Mais le « romantisme », c’est comme la perversion : un délicat ressort d’horlogerie qu’il ne faut jamais remonter à fond, sous peine de bloquer définitivement son mécanisme.
Il n’y avait pas vraiment d’escroquerie morale en elle, j’étais simplement son petit jouet.
Les interminables séances de flirt qu’elle me faisait subir, me chauffaient à blanc, à force de s’arrêter « au bord de la falaise », ma libido s’enfiévrait de pensées, disons, dangereuses.
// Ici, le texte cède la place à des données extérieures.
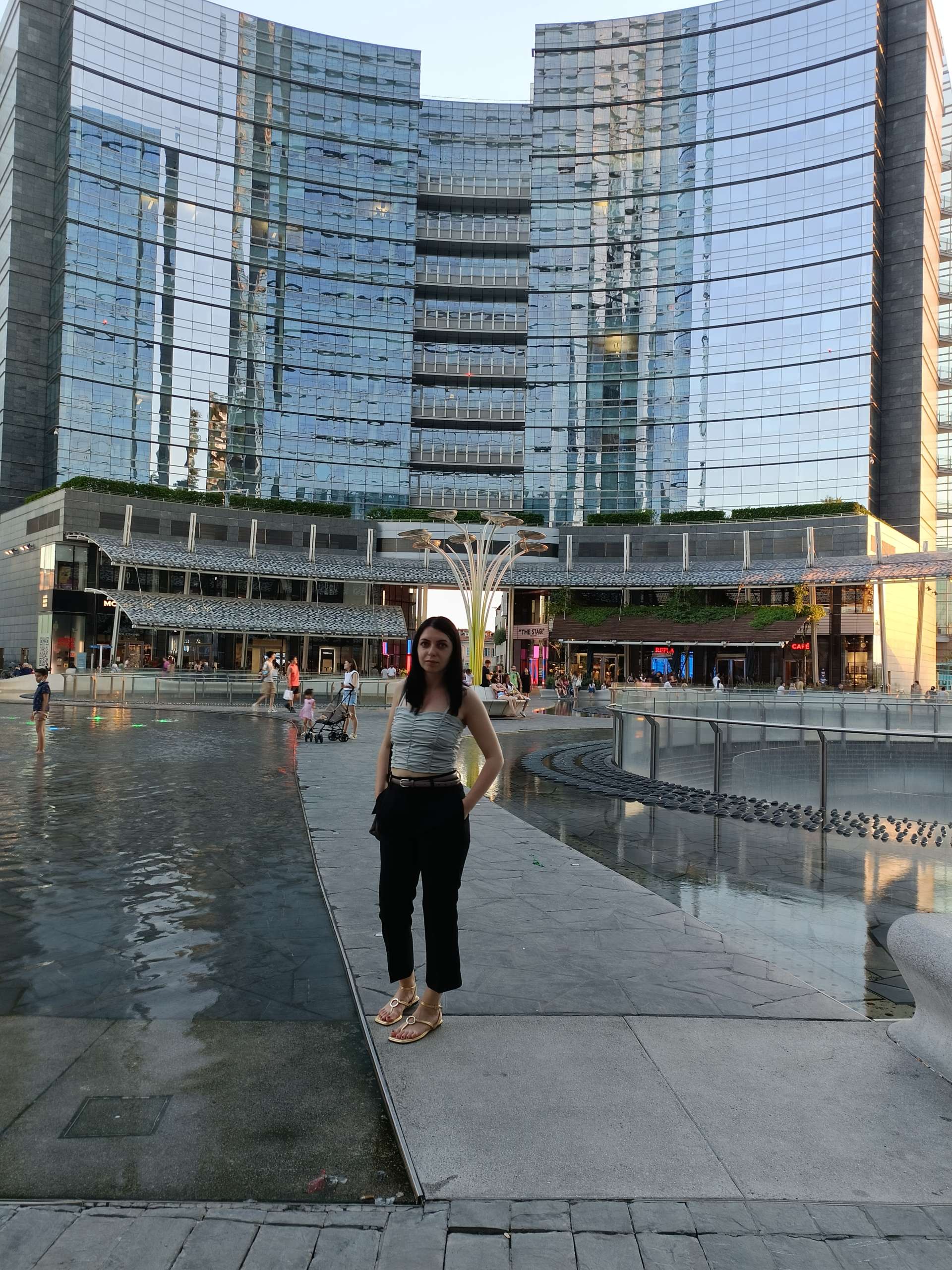 Piazza Gae Aulenti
Les meilleurs raffinements, c’est comme la meilleure cuisine, ils ne doivent pas être consommés au quotidien. C’était un des principes tacites de cette jeune femme, déjà très habile d’arguments, pour son âge. On ne se voyait pas plus de deux fois par semaine.
Au bout de six mois, Violaine poussait toujours la perversité jusqu’à accepter de laisser non seulement mes doigts tremblants, mais aussi ma verge caresser le bord de son sexe. Elle tenait mon pénis d’une poigne décidée. Contrôlait, au centimètre près, l’approche du gland qui agaçait son clitoris, puis s’en chatouillait le périnée, les petites lèvres.
J’étais au-dessus d’elle. Sur mes mains. Les coudes tendus. Un point d’équilibre insoutenable. Je vibrais de surexcitation et la mordais partout, en lui suçant le bout des seins.
Même si, parfois, dans une concession extrême, Violaine m’autorisait à la pénétrer de quelques centimètres, je me devais de ne pas aller plus loin. Ça devenait très frustrant.
Violaine, me conférait, avec subtilité, une sorte de statut d’écrivain capable de comprendre, et surtout d’apprécier, à sa juste valeur, le sens profond de sa démarche esthétique.
Une virginité brandie, rendue inaccessible au dernier moment, dans un entêtement élevé en art. Elle avait mis au point une mise en scène, faite de gestes, de feintes, de paroles et de silences. Un tout, qui me faisait croire dur comme fer, que la prochaine fois, on irait jusqu’au bout. C’était machiavélique.
Une nuit d’été, après un restaurant, nous nous sommes retrouvés sur la banquette arrière de sa vieille Saab. Nous étions parvenus au stade ultime de notre rituel. Quand dans une rage que je n’avais pas vu venir moi-même, j’avais agrippé ses chevilles pour les porter sur ses épaules, en laissant mes 80 kilos s’effondrer sur elle. Je m’enfonçais, pour la première fois, dans l’intérieur de son sexe éminemment chaud, souple et humide. Violaine s’était débattue avec fureur. Ses ruades désespérées se heurtaient aux éléments étroits du décor. Son opiniâtre résistance n’avait fait que décupler ma force, mon endurance et ma maîtrise. Car je tenais là ma vengeance. Et j’étais resté glorieusement tout au fond d’elle, le plus loin possible, en butée.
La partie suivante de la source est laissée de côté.